▶ [WHAT THE TASK REQUIRES]
Repeat the listing verbatim. Drop any pictures.

▶ [GIVEN INFORMATION]
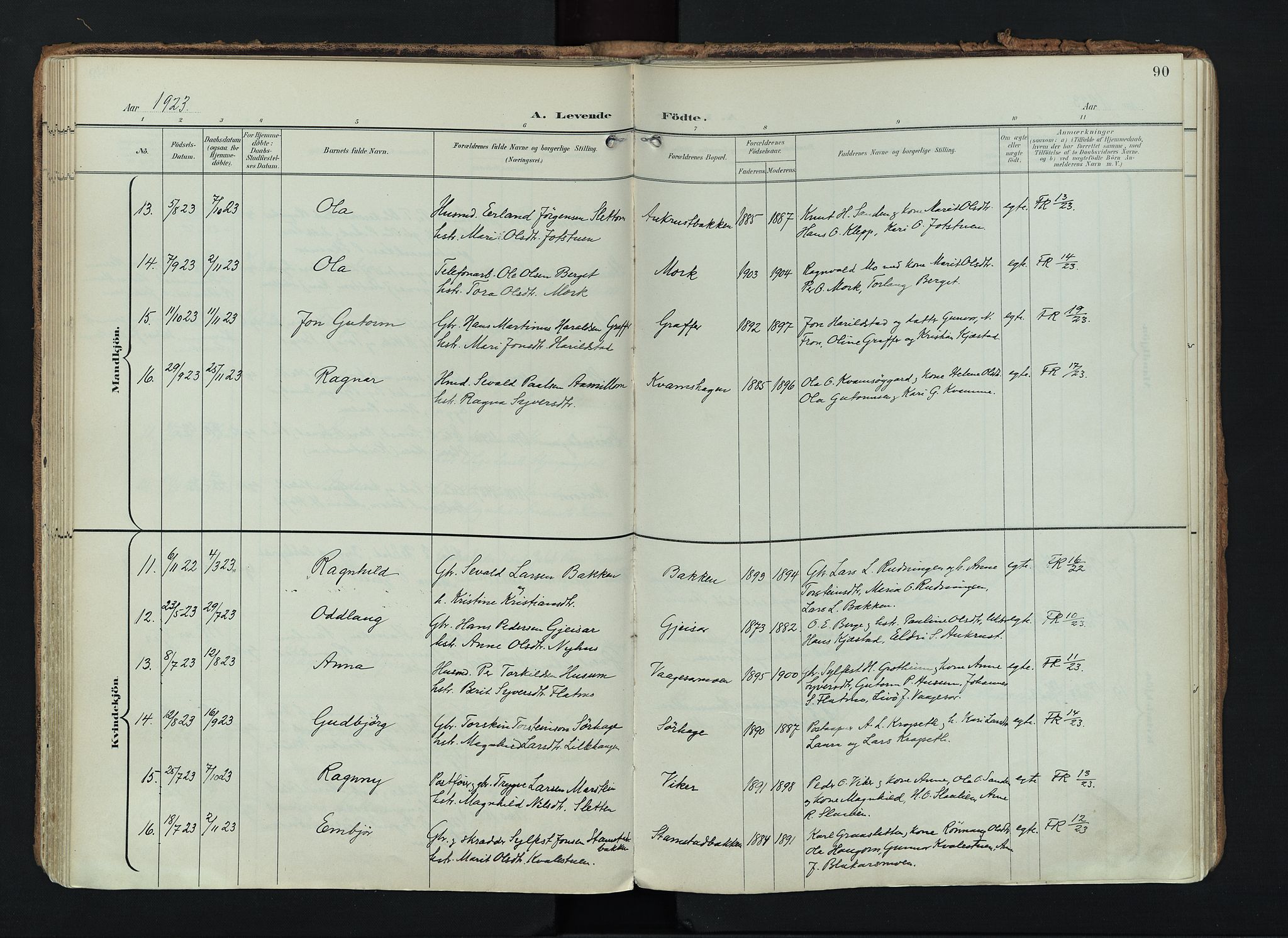Lom prestekontor, SAH/PREST-070/K/L0010: Parish register (official) no. 10, 1899-1926, p. 90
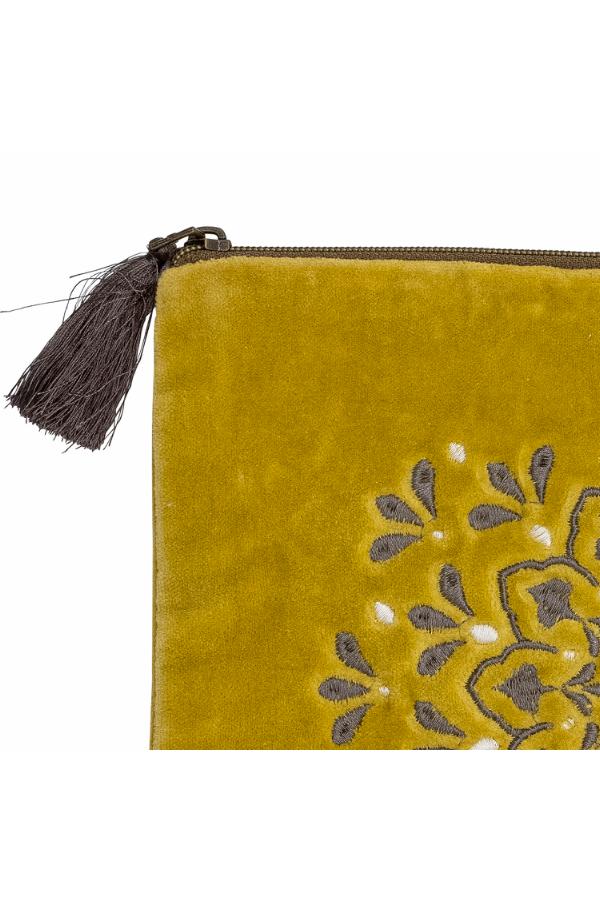 Bloomingville Stefania Cosmetic Bag, Yellow, Cotton
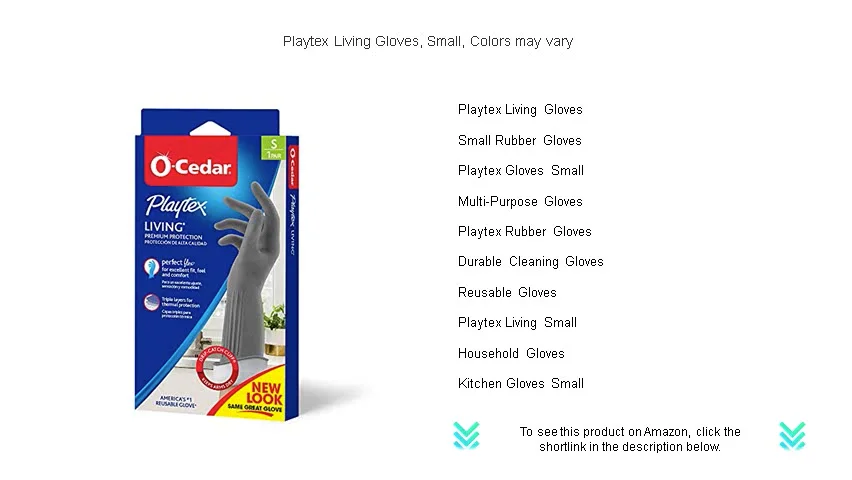 Playtex Living Gloves, Small, Colors may vary on Vimeo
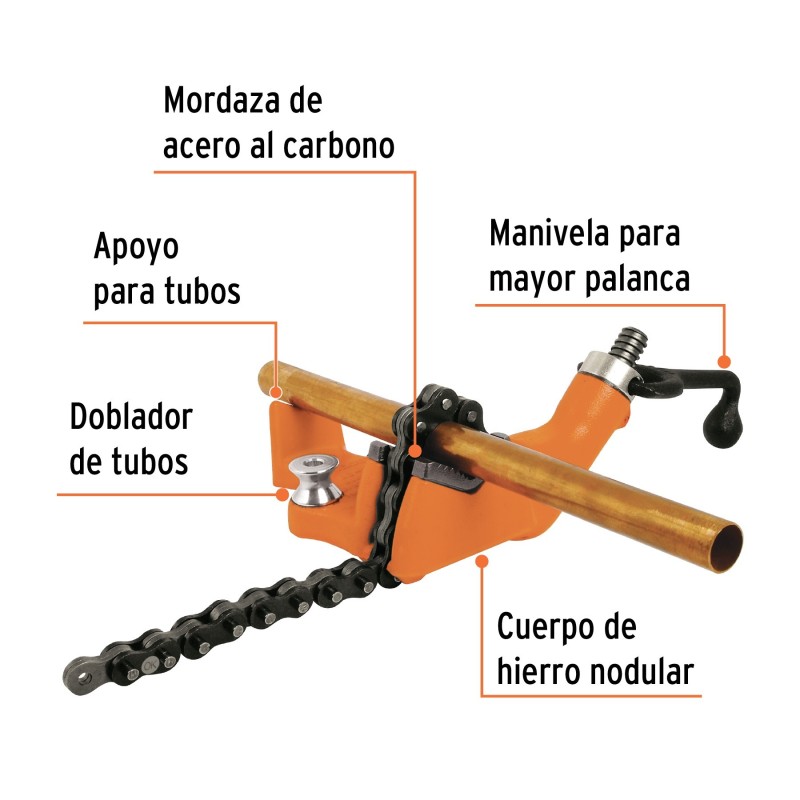 Prensa de Cadena p/Tubo 2·1/2"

▶ [FINISHED EXERCISE]
Lom prestekontor, SAH/PREST-070/K/L0010: Parish register (official) no. 10, 1899-1926, p. 90
 Bloomingville Stefania Cosmetic Bag, Yellow, Cotton
 Playtex Living Gloves, Small, Colors may vary on Vimeo
 Prensa de Cadena p/Tubo 2·1/2"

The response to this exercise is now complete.